Indonesia has come under international censure for its inaction to curb the alarming surge in its number of smokers, with elementary school children seeing the most exponential increase in tobacco consumption.

Participants in the 9th Asia Pacific Conference on Tobacco or Health (APACT) 2010 reported that Indonesia experienced a 400 percent increase in smokers between the ages of five to nine and a 40 percent increase for those between 10 and 14 from 1995 through 2007.

By 2007, 65.6 percent of males smoked and the number of female smokers tripled from 1.7 percent to 5.2 percent, the conference heard. The conference also pointed out that Indonesia’s tobacco-related death toll stood at approximately 200,000 people per year.

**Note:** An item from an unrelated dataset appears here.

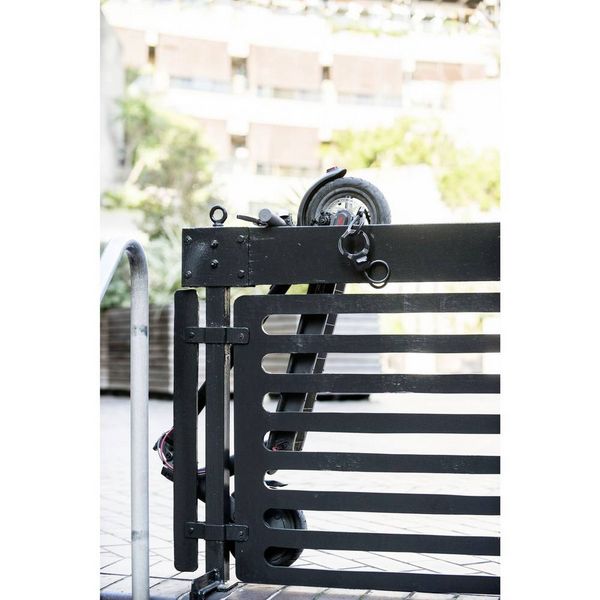 Produktbild: Master Lock 8275EURDPROBLK Kabelschloss Schwarz Schl&uuml;sselschloss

The 700 delegates from 41 countries attending the conference, held in Sydney, Australia, from Oct. 9 to 10, voiced their concern with the country’s impending public health disaster due to the government’s reluctance to accede to the World Health Organization’s Framework Convention on Tobacco Control (WHO FCTC).

The WHO FCTC is an international treaty among 168 parties designed to decelerate the global tobacco epidemic through each country’s implementation of the convention’s provisions.

“It was disconcerting that Indonesia was placed under the spotlight by officials of other countries,” said Alex Papilaya from the Tobacco Control Support Centre (TCSC).

He added that Indonesia was the first country the APACT issued a declaration to. The declaration, he said, urged the government to sign the treaty and protect children and teenagers from tobacco.

“Indonesia is the only country in ASEAN, which has yet to sign the FCTC,” he said.

He added that the conference issued four recommendations and was “putting the health of its people before the profits of tobacco companies” as the foremost item.

The conference also urged the government to ban tobacco advertising, promotions and sponsorships such as those at music and sports events, he said, adding that international artists and athletes performing in Indonesia should refuse to participate in activities that tobacco companies sponsor.

“The music bands Wolfmother and The Vines have to make public statements that they will not play at tobacco sponsored events,” he said about the fourth recommendation regarding the two bands that performed at the Java Rockin’Land concert sponsored by Gudang Garam tobacco company.

Hakim Sorimuda Pohan from the Tobacco Control Support Center added that the government would risk alienation from countries that were increasingly aware of the dangers of tobacco consumption.

“Regulating tobacco by the government is one way to reduce one of the preventable deaths caused by tobacco consumption,” he said, adding that the government could sponsor sporting events instead by raising excise fees on tobacco products.